On our fourth and final night in Northern California, Cheryl told me she wanted to fulfil a wish of hers she had since childhood, which is to visit the Haight-Ashbury neighborhood of San Francisco. As many of you may know, this is the part of the city where the famed “summer of love” took place in 1968, and was a whirlwind of counter cultural hippie activity for several years afterwards.
We had a few hours to kill before we had to say our goodbyes and depart our respective flights home, so it sounded like a fun way to spend some time and maybe grab something to eat.
“Be In” Haight-Ashbury. Click on the “Read the Rest of this Entry” link below for more.

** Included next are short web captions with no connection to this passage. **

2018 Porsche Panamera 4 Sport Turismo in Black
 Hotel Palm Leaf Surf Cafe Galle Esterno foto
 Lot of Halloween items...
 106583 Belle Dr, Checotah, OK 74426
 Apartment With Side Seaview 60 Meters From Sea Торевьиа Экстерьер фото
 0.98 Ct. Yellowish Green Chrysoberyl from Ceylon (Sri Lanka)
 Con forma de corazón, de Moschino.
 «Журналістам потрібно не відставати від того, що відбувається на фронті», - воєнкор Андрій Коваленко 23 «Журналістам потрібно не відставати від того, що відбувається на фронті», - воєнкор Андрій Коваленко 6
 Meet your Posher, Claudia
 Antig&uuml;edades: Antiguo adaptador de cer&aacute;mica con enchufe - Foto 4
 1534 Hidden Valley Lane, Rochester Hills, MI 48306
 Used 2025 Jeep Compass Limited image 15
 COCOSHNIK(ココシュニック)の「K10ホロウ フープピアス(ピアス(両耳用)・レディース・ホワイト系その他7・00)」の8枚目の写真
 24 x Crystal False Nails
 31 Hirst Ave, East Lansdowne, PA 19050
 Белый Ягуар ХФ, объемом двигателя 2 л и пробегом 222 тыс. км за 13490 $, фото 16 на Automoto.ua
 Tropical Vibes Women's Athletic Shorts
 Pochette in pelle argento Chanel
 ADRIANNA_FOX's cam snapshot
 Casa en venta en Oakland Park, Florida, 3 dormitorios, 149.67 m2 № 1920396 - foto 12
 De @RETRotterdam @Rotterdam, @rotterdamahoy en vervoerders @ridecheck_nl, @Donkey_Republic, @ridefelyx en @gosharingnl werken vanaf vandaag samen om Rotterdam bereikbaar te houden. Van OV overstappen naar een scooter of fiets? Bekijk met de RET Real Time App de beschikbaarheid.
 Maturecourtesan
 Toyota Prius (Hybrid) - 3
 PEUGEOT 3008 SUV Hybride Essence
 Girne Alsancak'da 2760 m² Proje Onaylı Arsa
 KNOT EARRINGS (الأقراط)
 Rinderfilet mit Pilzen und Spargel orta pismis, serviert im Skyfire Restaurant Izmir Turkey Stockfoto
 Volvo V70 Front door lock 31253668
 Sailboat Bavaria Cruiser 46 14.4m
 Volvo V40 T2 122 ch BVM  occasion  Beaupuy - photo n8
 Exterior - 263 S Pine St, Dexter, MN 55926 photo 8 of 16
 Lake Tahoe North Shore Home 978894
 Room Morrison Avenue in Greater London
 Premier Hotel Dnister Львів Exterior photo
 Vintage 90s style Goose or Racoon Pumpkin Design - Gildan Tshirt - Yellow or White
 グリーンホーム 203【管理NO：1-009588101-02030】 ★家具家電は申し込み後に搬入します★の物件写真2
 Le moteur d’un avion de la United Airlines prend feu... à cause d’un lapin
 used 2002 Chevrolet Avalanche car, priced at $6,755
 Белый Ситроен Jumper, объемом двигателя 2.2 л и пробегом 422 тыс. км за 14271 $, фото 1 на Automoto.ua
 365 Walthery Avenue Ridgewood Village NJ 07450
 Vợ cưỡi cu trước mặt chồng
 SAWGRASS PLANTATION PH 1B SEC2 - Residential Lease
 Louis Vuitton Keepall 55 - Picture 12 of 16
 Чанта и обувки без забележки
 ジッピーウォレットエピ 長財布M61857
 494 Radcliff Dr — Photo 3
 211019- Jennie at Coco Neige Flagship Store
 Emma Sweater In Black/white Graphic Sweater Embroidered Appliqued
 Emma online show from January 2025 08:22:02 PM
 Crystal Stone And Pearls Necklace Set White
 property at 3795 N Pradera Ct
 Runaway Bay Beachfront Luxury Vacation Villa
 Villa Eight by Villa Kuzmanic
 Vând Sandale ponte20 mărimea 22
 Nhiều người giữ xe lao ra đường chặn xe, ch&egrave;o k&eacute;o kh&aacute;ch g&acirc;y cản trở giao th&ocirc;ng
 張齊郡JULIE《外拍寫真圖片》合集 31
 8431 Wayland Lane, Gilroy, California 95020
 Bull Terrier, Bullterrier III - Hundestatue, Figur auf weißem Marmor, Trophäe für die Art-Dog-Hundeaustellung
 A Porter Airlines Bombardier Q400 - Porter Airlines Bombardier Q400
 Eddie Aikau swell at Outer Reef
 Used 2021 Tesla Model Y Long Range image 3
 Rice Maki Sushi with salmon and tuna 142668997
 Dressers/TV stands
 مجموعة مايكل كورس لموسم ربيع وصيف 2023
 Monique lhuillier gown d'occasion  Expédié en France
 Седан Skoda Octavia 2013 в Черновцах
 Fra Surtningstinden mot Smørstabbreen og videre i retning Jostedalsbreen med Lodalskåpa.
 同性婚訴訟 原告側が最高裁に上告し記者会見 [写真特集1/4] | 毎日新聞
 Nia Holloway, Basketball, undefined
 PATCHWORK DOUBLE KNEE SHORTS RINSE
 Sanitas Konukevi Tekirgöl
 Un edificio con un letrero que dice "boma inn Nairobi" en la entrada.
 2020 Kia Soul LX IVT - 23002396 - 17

Here’s Cheryl beneath the famous street sign.
While the Summer of Love is long past, there are still ripples of the Hippie culture left in the area.
The corner of Haight and Ashbury, March 13, 2008, around 7PM.
Haight-Ashbury certainly continues to capitalize on its reputation with all sorts of head shops and T-Shirt stores that sell all kinds of counter-cultural paraphanalia. The neighborhood is now more of a tourist attraction than any real center of actual Hippie or Drug Culture activity these days.
Here’s Cheryl in a cool purple hat that we found in a Tibetan Gift store not too far from the corner of Haight and Ashbury. They have all sorts of cool stuff in there that is made by Tibetans in exile in Nepal. Right on, man!
Massawa Ethiopian Restaurant
1538 Haight St, San Francisco CA 94117
My friend and fellow blogger Rachel Luxemburg told me about this local Ethiopian restaurant right down the street, Massawa, on 1538 Haight. Ethiopian is just the kind of funky cuisine I was looking for, so we went in.
Maybe it was all memorizing that mind altering Project Management class material frying my brain that I had to assimilate that week, but I could sense reverberations that this space was probably some funky cafe filled with hipsters 40 years ago.
Menu, inside left
Menu, Inside right
A view of the kitchen
Cheryl and I shared a Meat Sambusa appetizer, filled with seasoned ground beef. This was quite tasty. Yeah yeah, its fried, but I don’t eat too many of these things anymore.
Chery’ls Kitfo Entree, spicy seasoned ground beef cooked in clarified butter with home made cottage cheese and injera sourdough bread. OMG.
I went for the combination platter, which was a sampler of different types of spicy meat curries. As with all Ethiopian and Eritrea food, you eat it with your hands with small pieces of the injera bread. I can only imagine the amount of business this place has gotten from inebriated and otherwise “impaired” youth seeking a place to satisfy their munchies. Ethiopian as stoner food — yeah, I can totally dig it.